By Ebi Kesiena
A roadside bomb killed two UN peacekeeping troops in central Mali on Monday, the UN’s mission to the troubled Sahel country said.
Minusma spokesman Olivier Salgado explained on Twitter the attack, a supply convoy struck an improvised explosive device north of Mopti adding that four other peacekeepers were wounded.
MINUSMA did not immediately give the nationalities of the casualties, but a security source said they were members of the force’s Egyptian contingent.
The mission’s chief, El-Ghassim Wane, vigorously condemned the attack and called on the Malian authorities to spare no effort in identifying those behind it.
The incident comes as the United Nations is assessing the impact on MINUSMA from France’s decision to withdraw from Mali following a rift with its ruling junta.
The 13,000-member mission is one of the UN’s biggest and most dangerous peacekeeping operations.
Its deployment began in 2013 to help shore up the fragile Sahel state in the face of jihadist attacks.

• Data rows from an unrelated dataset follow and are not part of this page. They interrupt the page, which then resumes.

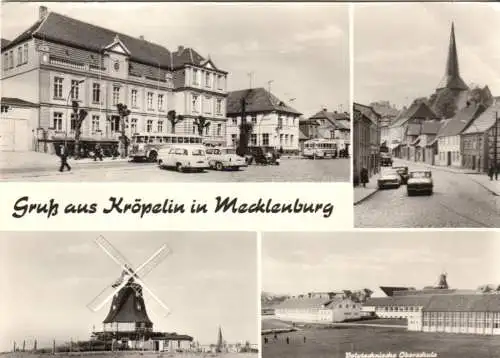 AK, Kröpelin Meckl., vier Abb., 1974, interessante Frankatur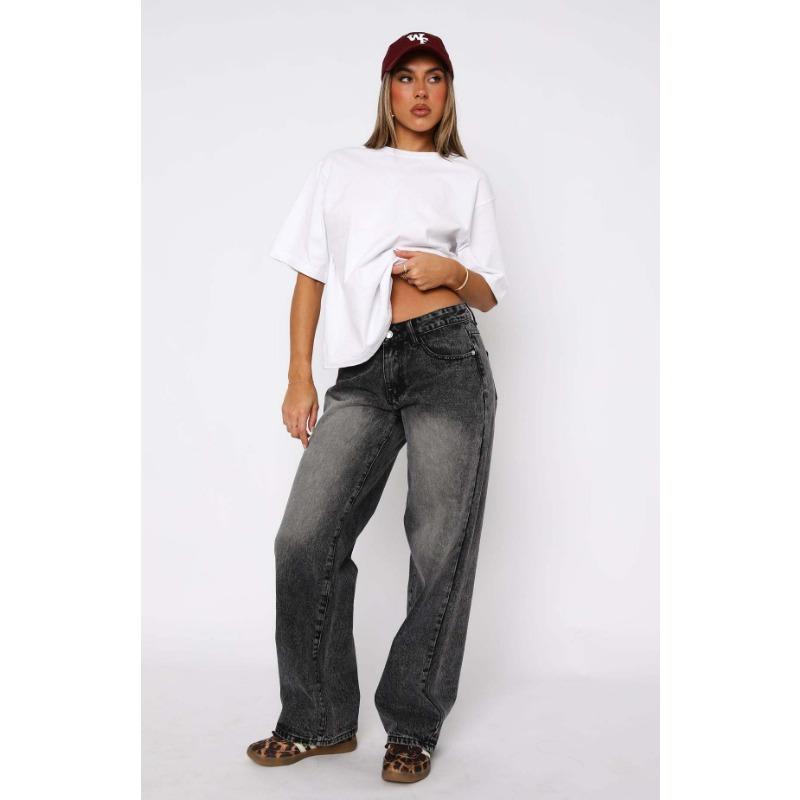 Damen Hottie Vielseitige Einfache Mittelhohe Nicht-Stretch Straight Leg Denimhose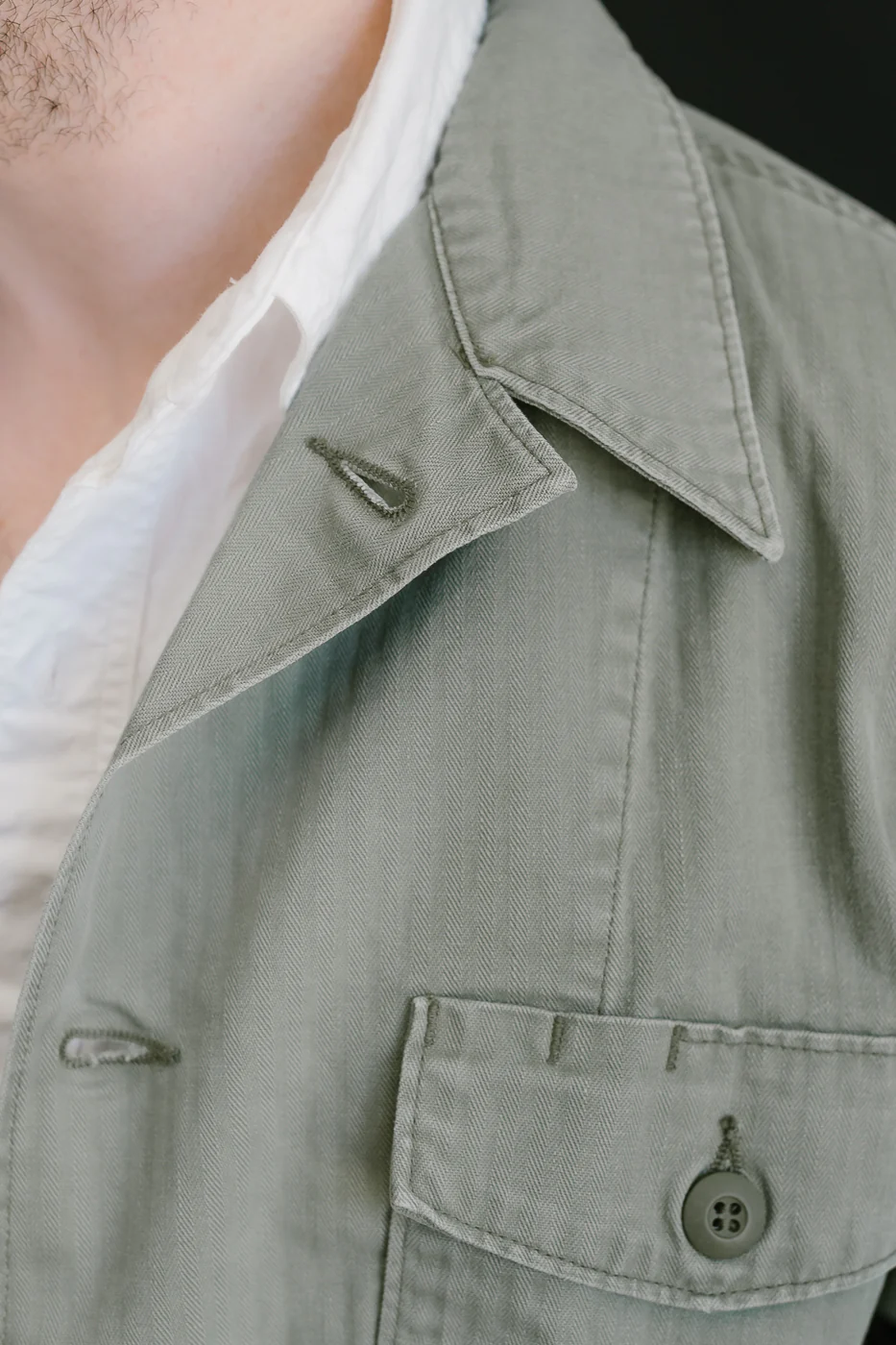 01-8346-16 - 4-Pocket Fatigue Shirt Herringbone Twill - Green - Image 20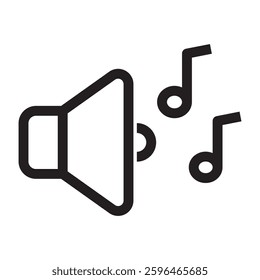 Speaker icon with musical notes, sound and music symbol, black and white vector illustration isolated on white background.	
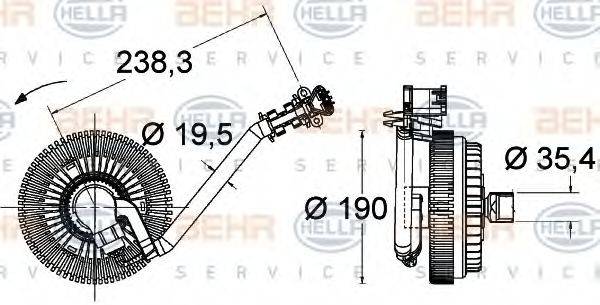 BEHR HELLA SERVICE 8MV376734021 Сцепление, вентилятор радиатора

The insurgency, born in the north of the country, spread two years later to the volatile centre and then to neighbouring Burkina Faso and Niger.
Diplomats in New York last month said the future of MINUSMA, whose annual mandate comes up for renewal in June, may be compromised by recent developments in Mali.
The junta in Mali has embraced a partnership with Russia and fallen out with France, the country’s traditional ally. As a result, France is pulling its forces out of the country as part of a major reconfiguration of its anti-jihadist operations in the Sahel.
French forces have helped underpin MINUSMA’S operations with air and medical support.
Sweden last week announced that it would withdraw its 220 soldiers from Mali a year earlier than usual.